Stryker: Scaling Specification-Based Program Repair by Pruning Infeasible Mutants with SAT
This work addresses scalability issues in automated program repair for software developers, though it is incremental as it builds on existing specification-based methods with a novel pruning mechanism.
The paper tackles the problem of automated program repair by addressing the explosion of fix candidates from syntactic transformations, presenting Stryker, a technique that exhaustively explores intra-statement modifications up to a bound and prunes infeasible candidates using SAT, enabling repair of programs with multiple bugs and pruning significant parts of the candidate space.
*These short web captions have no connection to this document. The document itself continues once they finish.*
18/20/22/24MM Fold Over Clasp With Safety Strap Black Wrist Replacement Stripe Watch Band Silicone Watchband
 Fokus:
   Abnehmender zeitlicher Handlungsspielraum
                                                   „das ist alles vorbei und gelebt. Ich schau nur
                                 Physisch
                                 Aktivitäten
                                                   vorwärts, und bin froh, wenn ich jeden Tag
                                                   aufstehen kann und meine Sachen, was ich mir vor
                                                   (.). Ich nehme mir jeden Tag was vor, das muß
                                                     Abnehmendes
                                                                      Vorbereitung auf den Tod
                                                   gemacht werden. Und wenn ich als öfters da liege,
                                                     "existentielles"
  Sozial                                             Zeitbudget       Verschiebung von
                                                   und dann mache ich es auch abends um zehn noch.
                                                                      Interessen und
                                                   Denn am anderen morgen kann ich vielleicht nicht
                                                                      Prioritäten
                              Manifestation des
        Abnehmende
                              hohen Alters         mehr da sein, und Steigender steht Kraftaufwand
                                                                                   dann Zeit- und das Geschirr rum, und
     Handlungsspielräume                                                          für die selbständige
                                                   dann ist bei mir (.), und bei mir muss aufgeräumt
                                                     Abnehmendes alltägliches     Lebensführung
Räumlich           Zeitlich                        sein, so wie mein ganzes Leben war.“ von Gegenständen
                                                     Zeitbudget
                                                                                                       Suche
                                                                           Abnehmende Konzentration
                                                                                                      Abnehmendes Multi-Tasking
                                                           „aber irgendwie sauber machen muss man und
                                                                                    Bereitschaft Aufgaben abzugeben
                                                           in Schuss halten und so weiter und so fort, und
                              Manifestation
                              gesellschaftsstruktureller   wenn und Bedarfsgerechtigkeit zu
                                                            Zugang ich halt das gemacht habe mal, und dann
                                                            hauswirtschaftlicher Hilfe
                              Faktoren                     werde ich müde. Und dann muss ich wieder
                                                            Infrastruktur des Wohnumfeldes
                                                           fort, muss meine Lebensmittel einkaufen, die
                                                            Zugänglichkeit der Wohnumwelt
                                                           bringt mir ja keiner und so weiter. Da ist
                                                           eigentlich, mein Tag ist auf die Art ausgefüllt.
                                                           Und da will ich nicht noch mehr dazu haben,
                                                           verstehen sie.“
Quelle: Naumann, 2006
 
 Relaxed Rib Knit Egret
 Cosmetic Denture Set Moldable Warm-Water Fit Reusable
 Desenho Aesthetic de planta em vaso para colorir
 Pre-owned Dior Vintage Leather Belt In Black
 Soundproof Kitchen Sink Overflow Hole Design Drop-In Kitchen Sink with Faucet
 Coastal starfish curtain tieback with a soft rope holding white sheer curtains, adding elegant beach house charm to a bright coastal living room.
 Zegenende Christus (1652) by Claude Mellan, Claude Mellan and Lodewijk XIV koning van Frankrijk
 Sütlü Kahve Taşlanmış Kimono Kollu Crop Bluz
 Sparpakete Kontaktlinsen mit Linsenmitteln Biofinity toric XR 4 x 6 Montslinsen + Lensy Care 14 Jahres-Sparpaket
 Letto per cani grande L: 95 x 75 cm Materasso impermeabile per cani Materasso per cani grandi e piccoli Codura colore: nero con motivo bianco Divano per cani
Many techniques for automated program repair involve syntactic program transformations. Applying combinations of such transformations on faulty code yields fix candidates whose correctness must be determined. Exploring these combinations leads to an explosion on the number of generated fix candidates that severely limits the applicability of such fault repair techniques. This explosion is most times tamed by not considering fix candidates exhaustively, and by disabling intra-statement modifications. In this article we present a technique for program repair that considers an ample set of intra-statement syntactic operations, and explores fix candidates exhaustively up to a provided bound. The suitability of the technique, implemented in our tool Stryker, is supported by a novel mechanism to detect and prune infeasible fix candidates. This allows Stryker to repair programs with several bugs, whose fixes require multiple modifications. We evaluate our technique on a benchmark of faulty Java container classes, which Stryker is able to repair, pruning significant parts of the space of generated candidates when more than one bug is present in the code.